Coupled hydrothermal modelling of subsurface heating in the vicinity of high-power power cables under natural conditions

In Germany, electricity from the wind power plants in the north must be transported to the south. This is done via underground cables that act as a heat source. We numerically simulated the coupled heating and drying by the cables in the bedding and the surrounding soil under natural boundary conditions. For this purpose, we used a modified version of the Hydrus-2D/3D software code, which enables the coupled modelling of water, vapour and heat flow. The water transport is described with the Richards equation. For heat transport, the processes of heat conduction, convective heat transport and the transport of latent heat are considered. The simulations were carried out in a 2D depth profile oriented orthogonally to the main direction of the cables. The simulations were carried out under atmospheric boundary conditions for the period 2016-2018, the latter being one of the driest years in Germany in recent history.  
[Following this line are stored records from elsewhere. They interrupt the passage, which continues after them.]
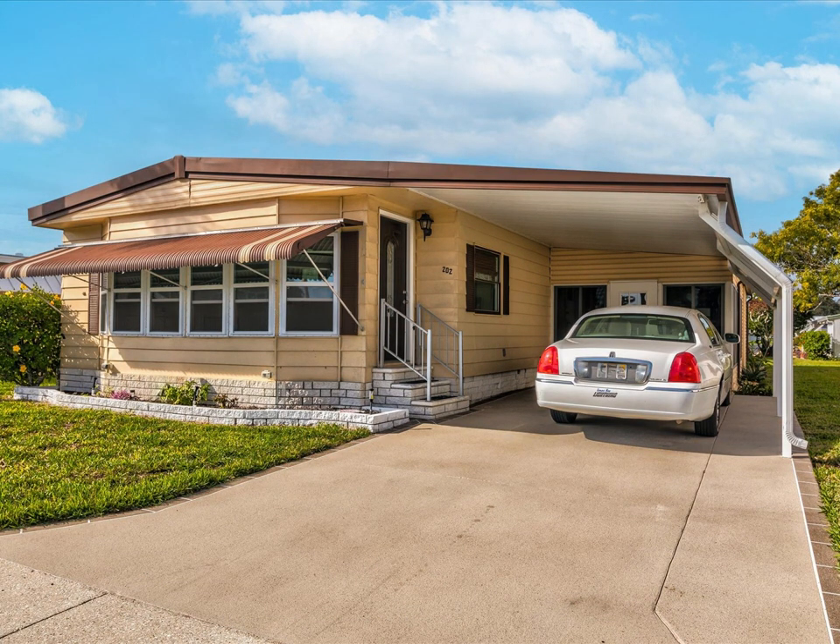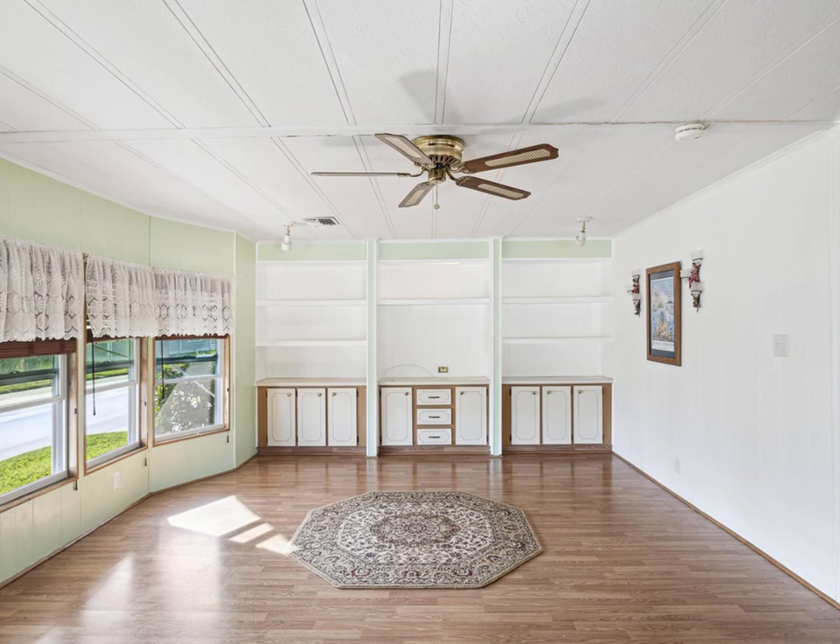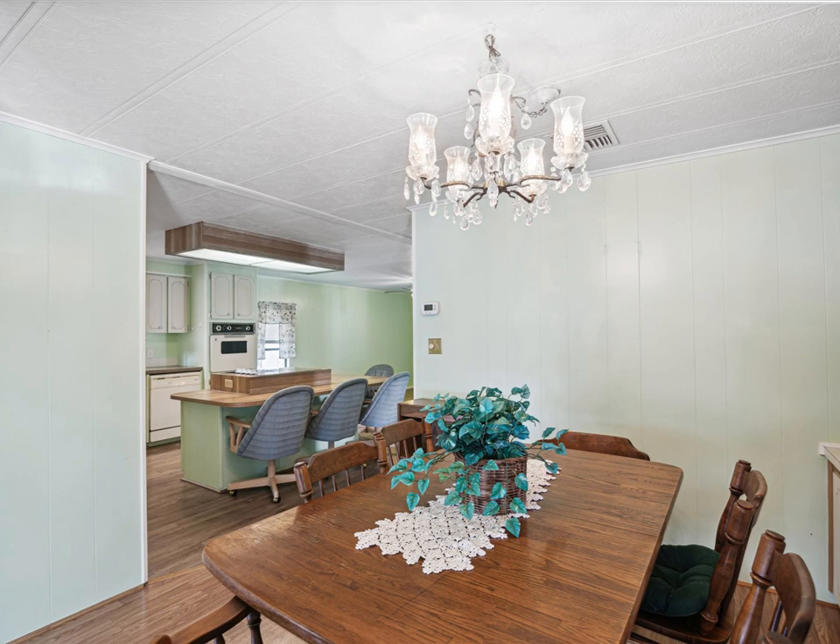Great opportunity to own a very spacious home in Stonehenge-on-the-Hill, a resident-owned community. Spanning nearly 1,300 square feet, this inviting open floor plan boasts two bedrooms, an airy and roomy family room perfect for gatherings, and a warm and welcoming living room.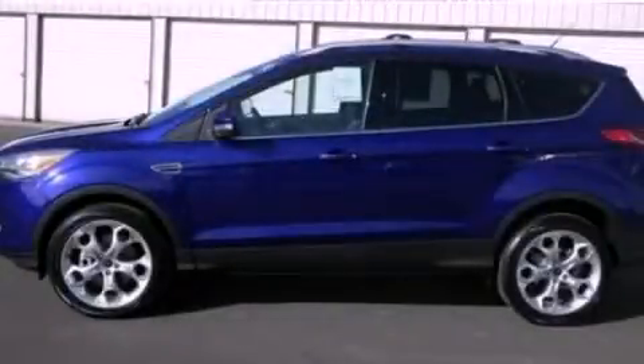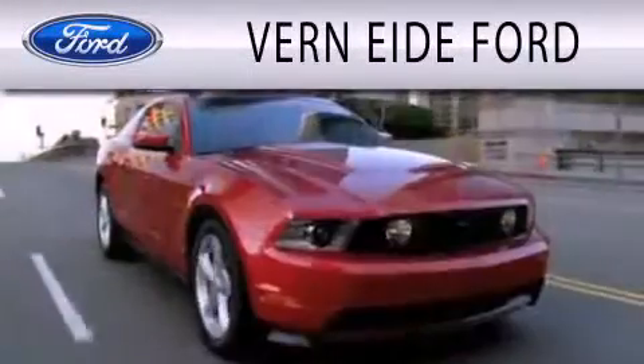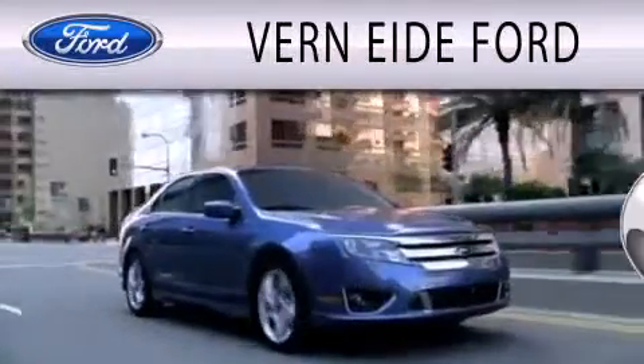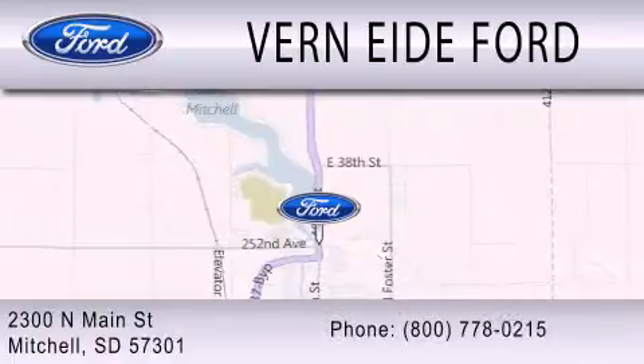Stop by today and test drive this automobile for yourself. Ver90 Ford is dedicated to doing everything possible to ensure that the experience you have selecting your next vehicle is as pleasant as possible. We are located at 2300 North Main Street in Mitchell.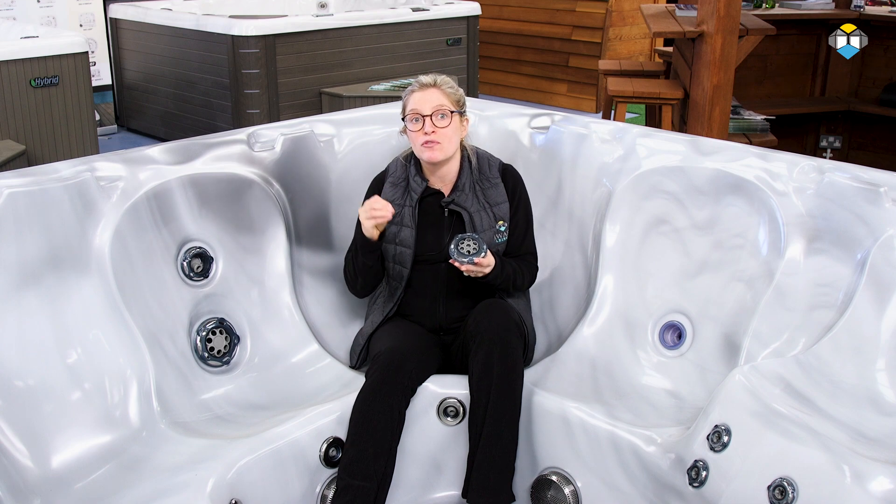Beachcomber's fully customisable flex jets have been engineered to target specific areas of the body, and every single jet port in a Beachcomber hot tub is designed to deliver the same amount of pressure per square inch for the optimum massage. These jets target all muscle groups helping to relieve chronic back pain, arthritis, back injury, fibromyalgia and so much more.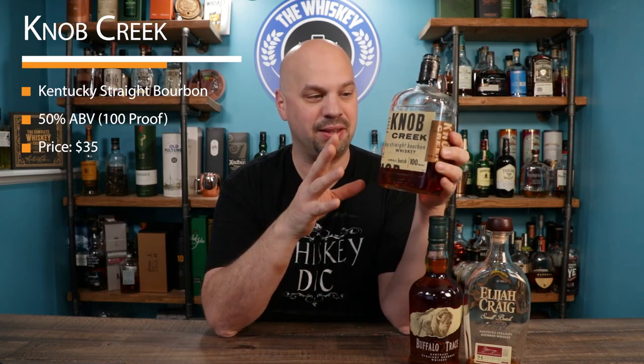Next I have the Knob Creek. Now this one, it's not everybody's jam because it's a bit oaky, but I don't find it unapproachable whatsoever. I think that this one is as popular as it is for good reason and the Knob Creek is definitely a good option. It's also a little higher ABV so it's going to be a little stronger, which some people might like. I do.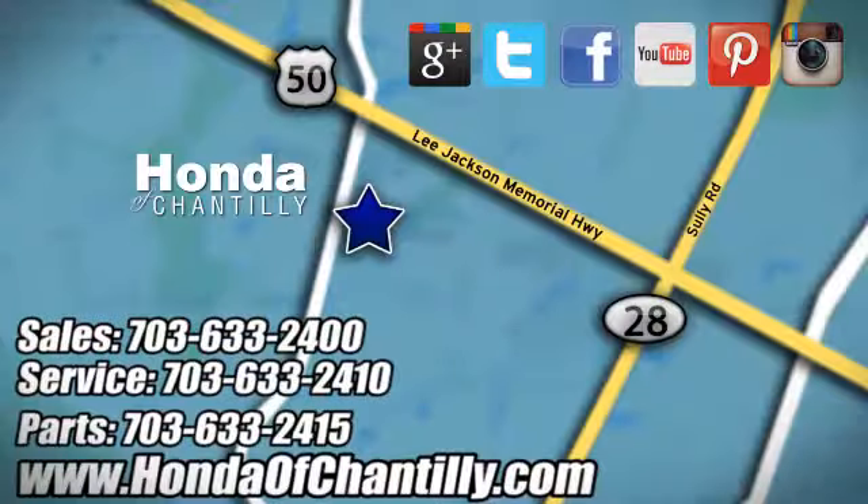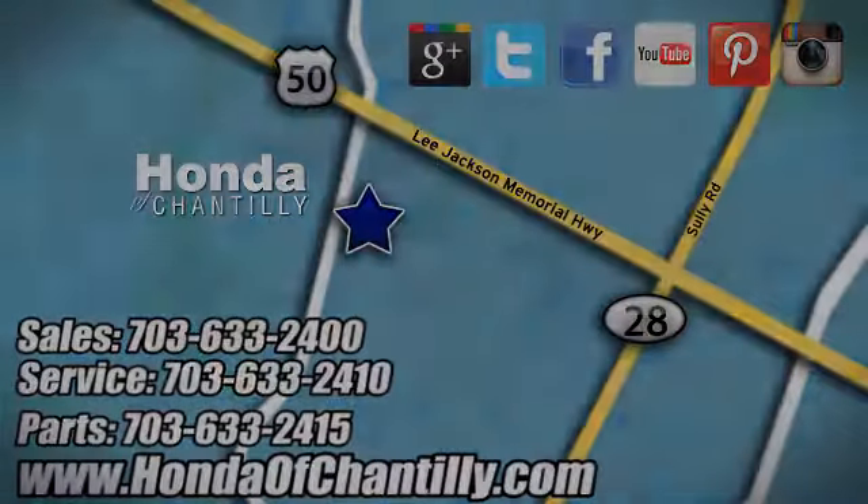Honda of Chantilly. We're conveniently located just south of Dulles Airport at 4175 Stonecroft Boulevard in Chantilly.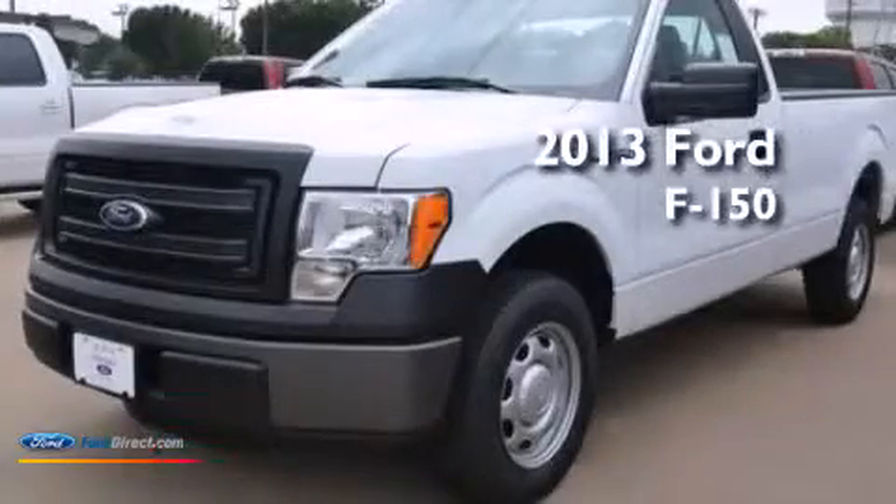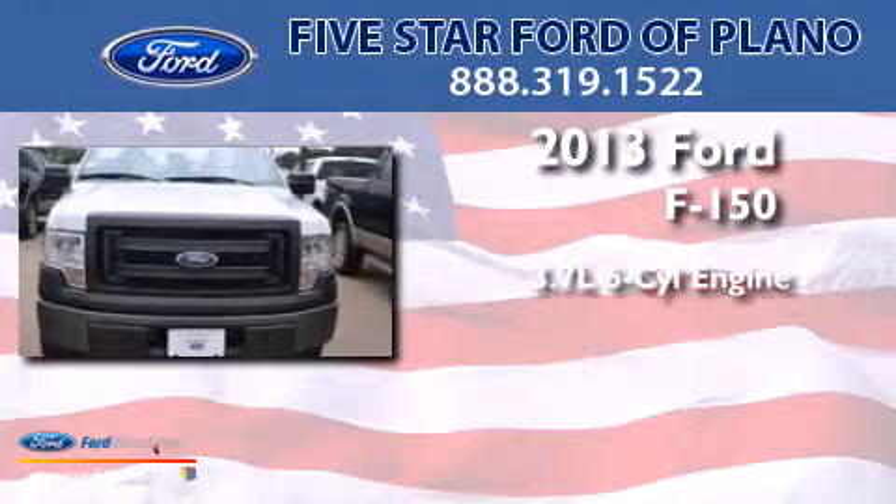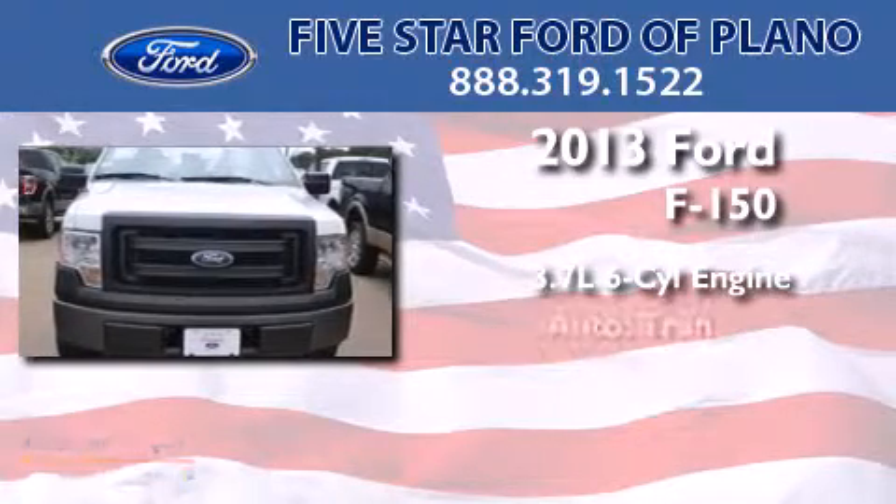This is a brand-new 2013 Ford F-150. It has a 3.7-liter six-cylinder engine and an automatic transmission.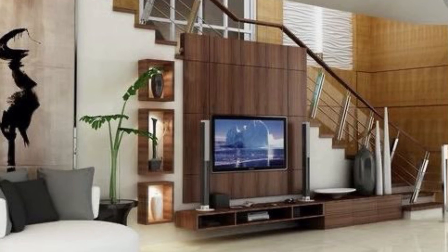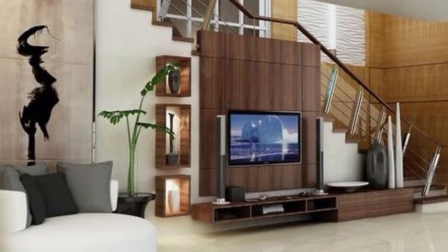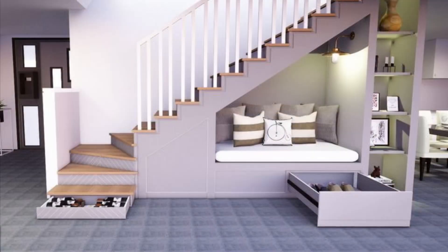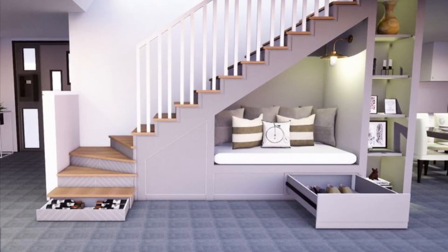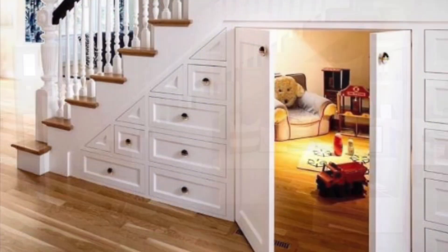If you have no ideas, then we are here to give you inspiration. We've put together wonderful ideas for making your space under the staircase awesome, and we will give you more inspiration to organize your homes.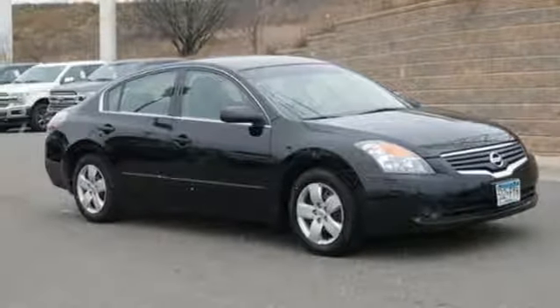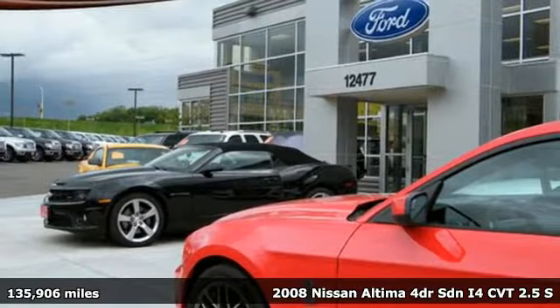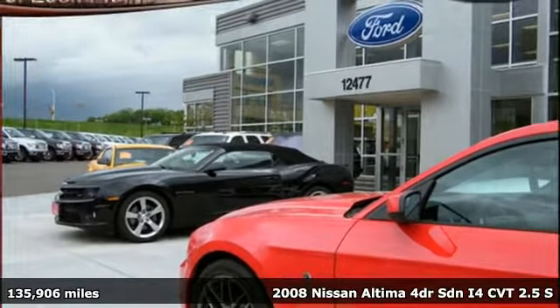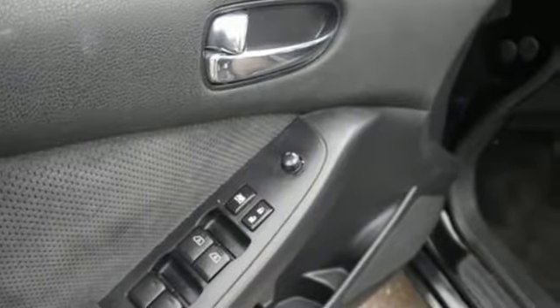It's a 2008 Nissan Altima. This sedan comes equipped with a suite of standard safety, driving, and convenience features aimed to inspire certainty behind the wheel. It comes with great features you'll love.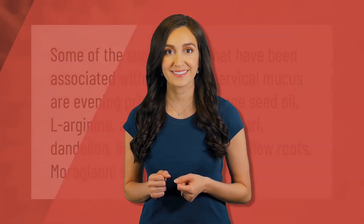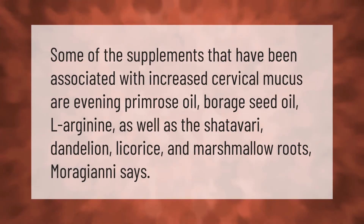Some of the supplements that have been associated with increased cervical mucus are evening primrose oil, borage seed oil, L-arginine, as well as the shatavari, dandelion, licorice, and marshmallow roots.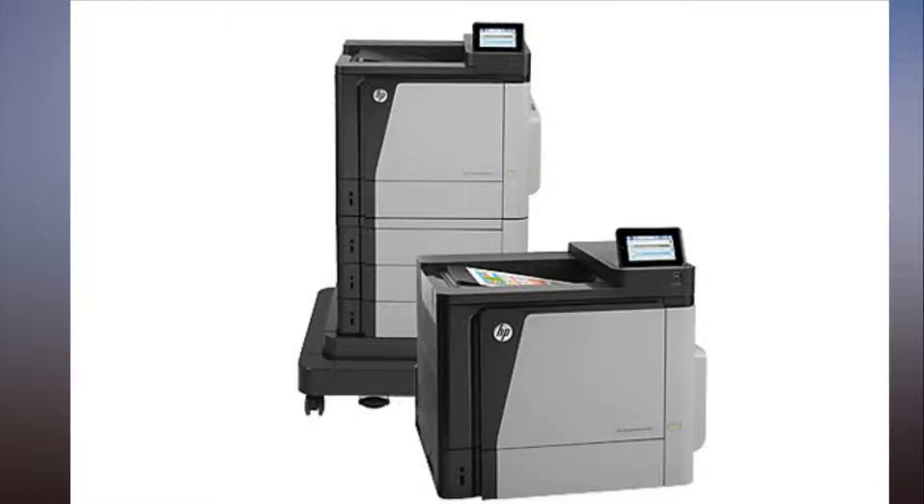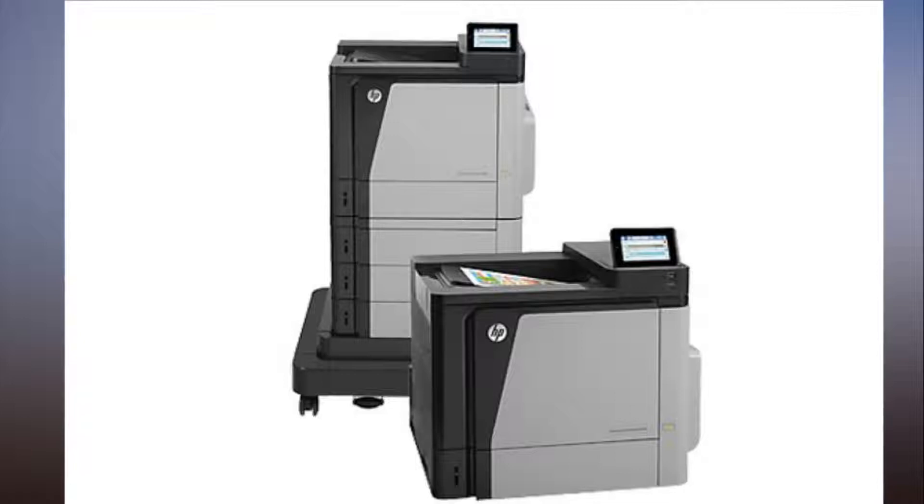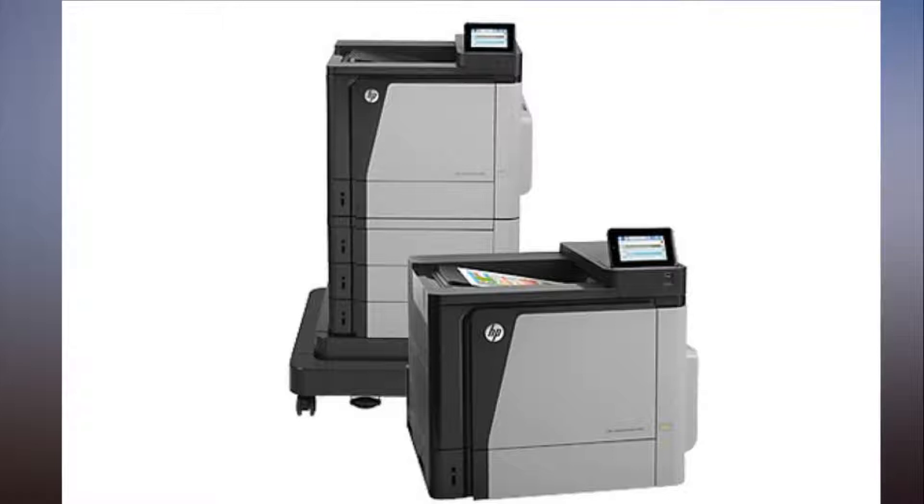According to HP's security advisory, the vulnerability impacts a wide range of business-ready printers, including the HP Color LaserJet Enterprise M651, HP Color LaserJet M680, HP LaserJet Enterprise Flow MFP M631, HP PageWide Enterprise Color X556, and many others.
We found that warming leads to thermal vapour fluxes that are directed away from the cable, which can significantly reduce the water content of the material near the cable. The lowering of the soil water content reduces the thermal conductivity of the soil and can therefore lead to overheating of the cable with the risk of technical failure. However, the simulations indicate that even under the conditions of 2018, overheating of the cables is unlikely if the bedding material has sufficient thermal conductivity and the spacing between the individual cables is chosen wisely. Crucial for adequate modelling of the water and heat flow was the correct representation of the water retention curve in the dry soil, as the water head in the soil near the cable reaches values down to -10⁵ J kg^-1 and soil thermal conductivity changes rapidly at low water contents.